0. Introduction
0. Introduction
Bluetooth, as a widely used communication protocol, has seen rapid growth in numbers in recent years. According to market research, in 2021, the shipment of Bluetooth devices reached 4.7 billion units and is expected to exceed 7 billion units by 2026. Bluetooth devices are typically deployed in physical hardware, so if there are vulnerabilities, it may lead to information leakage, economic losses, and even threats to personal safety. Like other firmware devices, the firmware updates for Bluetooth devices are often delayed, and some Bluetooth devices cannot perform hot updates. Therefore, it is necessary to conduct software testing on the firmware of Bluetooth devices.
Fuzz testing technology is a software testing method that is faster and less resource-intensive compared to symbolic execution technology, and it has become a popular and effective vulnerability mining method in recent years. Fuzz testing involves inputting randomly generated test cases into a program and monitoring the program’s runtime status and exceptions to detect potential program vulnerabilities. Research has shown that fuzz testing technology is an effective method and has successfully mined a large number of software vulnerabilities. With ongoing research, researchers have applied fuzz testing technology to various protocols and firmware software testing. By studying vulnerability mining methods for firmware Bluetooth protocol stacks, we can better perform software testing on firmware Bluetooth protocol stacks, thus protecting the information security and even personal safety of Bluetooth device users, reducing economic losses caused by vulnerabilities, and maintaining the security and stability of cyberspace.
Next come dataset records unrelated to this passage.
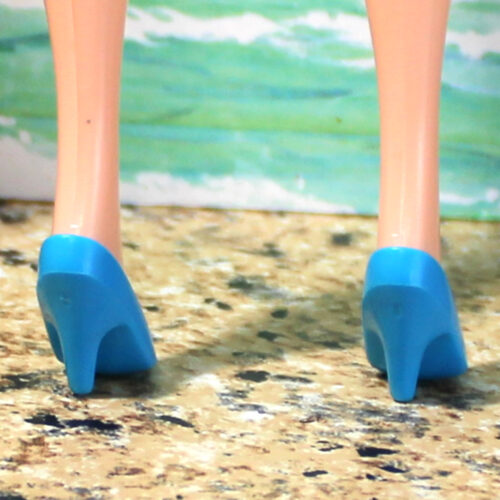 Shoes: Classic Pumps Mattel Barbie - Aqua Blue - Image 3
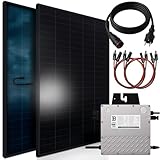 SUNNIVA 920W Balkonkraftwerk BIFAZIAL FULLBLACK komplett Steckdose Beny...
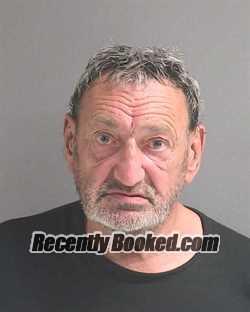 Booking photo from Volusia County, Florida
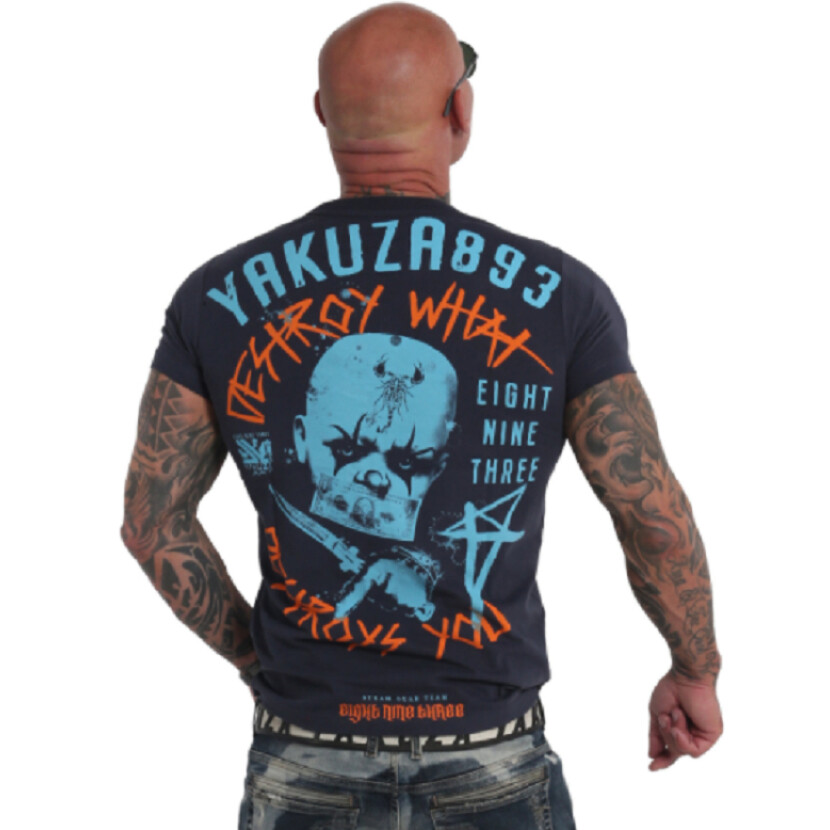 Triko pánské Yakuza DWDY - navy-modré, M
1. Related Technology Introduction
1. Related Technology Introduction
1.1 Protocol Fuzz Testing
Currently, many gray-box fuzz testing tools have been widely recognized in both industry and academia. However, these research efforts are not suitable for protocol testing. On one hand, the server usually has a state machine model, and the client needs to send requests to the server to advance the server’s current state; otherwise, inputs will be discarded by the server at an early stage, making it impossible to detect deeper paths. On the other hand, protocols often have certain syntax and semantic rules, and merely using byte-level mutation algorithms will generate a large number of invalid inputs.
In recent years, tools for protocol fuzz testing have emerged, such as AFLNET and StateAFL. Additionally, there are tools developed for specific protocols, such as ICS3Fuzzer and TCP-Fuzz. Among these solutions, AFLNET is a more representative tool. AFLNET uses message sequences as seed files, extracting rough server state changes by parsing the server’s response packets and recording the state changes caused by each packet in the seed file. Through this method, a state machine change model for the server is constructed on the client side, while splitting the seed file into M1, M2, M3, etc. During the fuzz testing process, AFLNET tests only one server’s current state at a time, a method that has proven to be very effective.
1.2 Firmware Fuzz Testing
The primary task when fuzz testing firmware programs is to build a simulation environment. This is because firmware devices have limited hardware resources, and relying solely on firmware devices for fuzz testing is inefficient and cannot be scaled. To establish a simulation environment for firmware programs, the interaction between the firmware program and peripheral devices must be considered, primarily including interrupts, Direct Memory Access (DMA), and Memory-mapped I/O (MMIO). Among these interactions, MMIO is commonly present, so implementing the interaction between firmware programs and MMIO is a key factor to consider when building firmware simulation environments. The fuzz testing solutions for firmware mainly include the following:
(1) Hardware-participated solutions. Representative works of this approach include Avatar2 and Inception. Although this method has certain effects, it has some issues. First, it lacks universality and cannot be applied to all firmware devices. Second, the operation is very slow when forwarding or resetting the firmware device’s state in the next fuzz testing cycle, which becomes a performance bottleneck for fuzz testing.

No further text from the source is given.